Segment Start: RECORDS FOR THIS EXERCISE

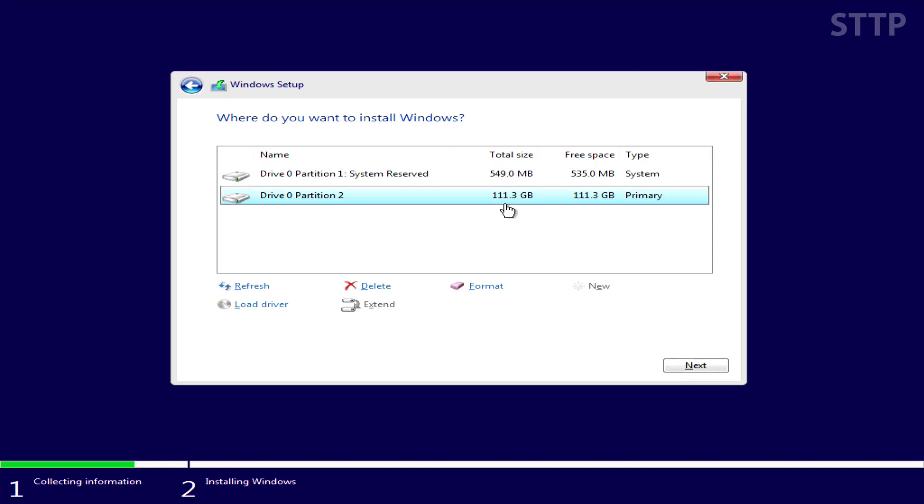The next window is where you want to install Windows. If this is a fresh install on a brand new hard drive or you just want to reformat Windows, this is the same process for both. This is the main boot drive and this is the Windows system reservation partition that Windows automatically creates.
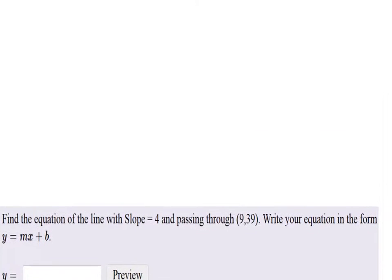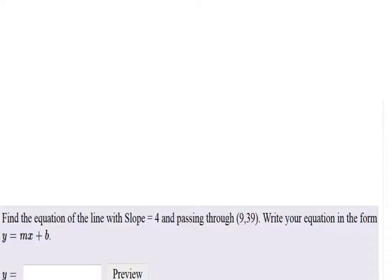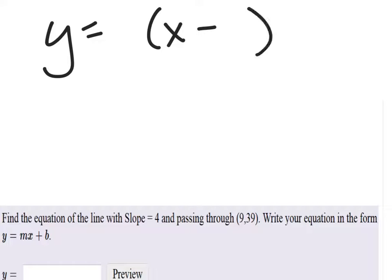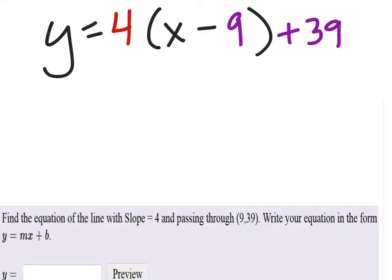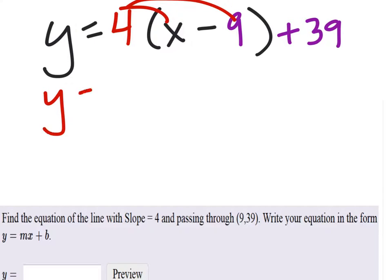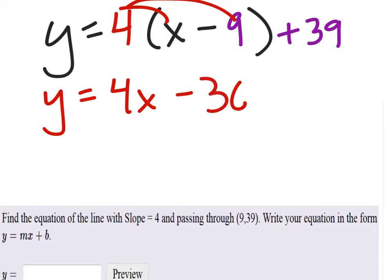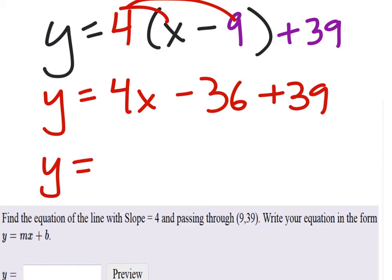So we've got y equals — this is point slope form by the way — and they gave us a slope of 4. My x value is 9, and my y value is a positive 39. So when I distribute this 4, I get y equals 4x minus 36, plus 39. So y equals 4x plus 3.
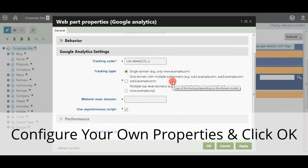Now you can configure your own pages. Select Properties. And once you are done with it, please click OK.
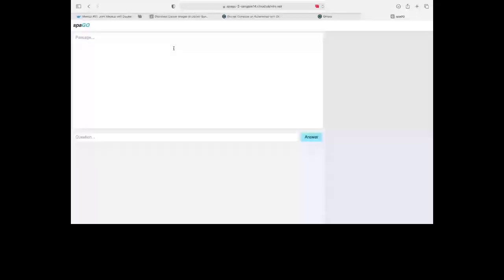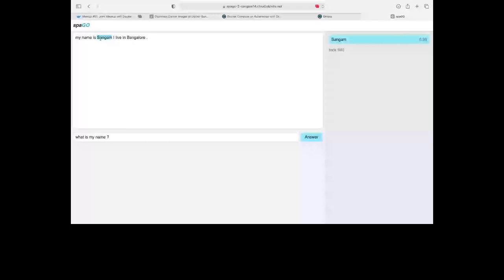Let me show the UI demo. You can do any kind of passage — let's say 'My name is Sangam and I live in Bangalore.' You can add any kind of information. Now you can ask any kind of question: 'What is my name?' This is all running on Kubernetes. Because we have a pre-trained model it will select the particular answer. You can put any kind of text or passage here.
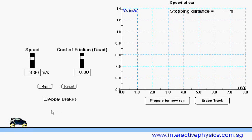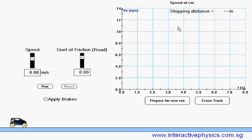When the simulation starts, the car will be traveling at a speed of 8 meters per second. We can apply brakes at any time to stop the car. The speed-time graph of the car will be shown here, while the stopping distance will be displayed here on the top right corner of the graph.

Segment End: RECORDS FOR THIS EXERCISE
Segment Start: RECORDS FOR THIS EXERCISE

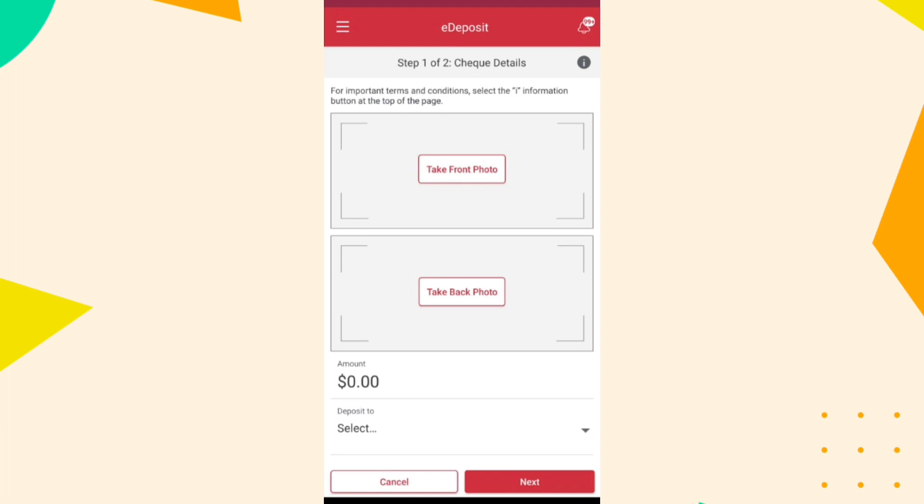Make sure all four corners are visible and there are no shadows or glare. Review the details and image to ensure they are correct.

Segment End: RECORDS FOR THIS EXERCISE

== HOW TO COMPLETE THIS TASK ==
Please repeat the lines of the material above exactly, starting with the line that contains "The next window" and ending with the line that contains "Now you can configure". Leave the pictures out.

== EXERCISE RESULT ==
The next window is where you want to install Windows. If this is a fresh install on a brand new hard drive or you just want to reformat Windows, this is the same process for both. This is the main boot drive and this is the Windows system reservation partition that Windows automatically creates.
So we've got y equals — this is point slope form by the way — and they gave us a slope of 4. My x value is 9, and my y value is a positive 39. So when I distribute this 4, I get y equals 4x minus 36, plus 39. So y equals 4x plus 3.
Now you can configure your own pages. Select Properties. And once you are done with it, please click OK.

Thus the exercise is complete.